Shifting the Status Quo

Bill Groth on the fight for the right to vote

Published in 2019 Indiana Super Lawyers Magazine — March 2019

I’ve always been interested in government and politics: I was a history and political science major at Butler, and I ran for political office in 1984, for the Indiana House of Representatives.

In 1990, I got involved in a voting rights case involving the districting plan for the Marion County City-County Council. That was the beginning—the origins of my interest in handling voting and election law cases. 
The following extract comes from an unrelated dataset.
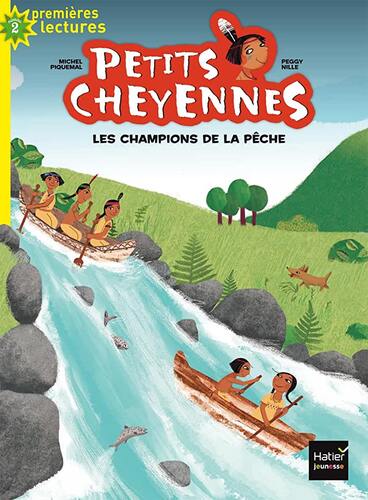 Champions de la pêche (Les)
One that stands out is the 2003 litigation over the city-county council districts in Marion County. The case went all the way to the state Supreme Court. I had to argue before a 32-judge tribunal due to a quirk in the law that existed at that time. I was too tired to be nervous, as I had been up two or three nights straight, getting ready. 

The ruling was handed down on a party-line basis: All of the Republican judges voted to impose the Republican plan, and all the Democratic judges voted to uphold Mayor Peterson’s veto of that redistricting plan. This caused the members of the Supreme Court a certain degree of consternation. They didn’t like to see that sort of political decision-making. The Supreme Court ended up reversing 5-0, and in the process drew new maps—which stood up for the next several years. 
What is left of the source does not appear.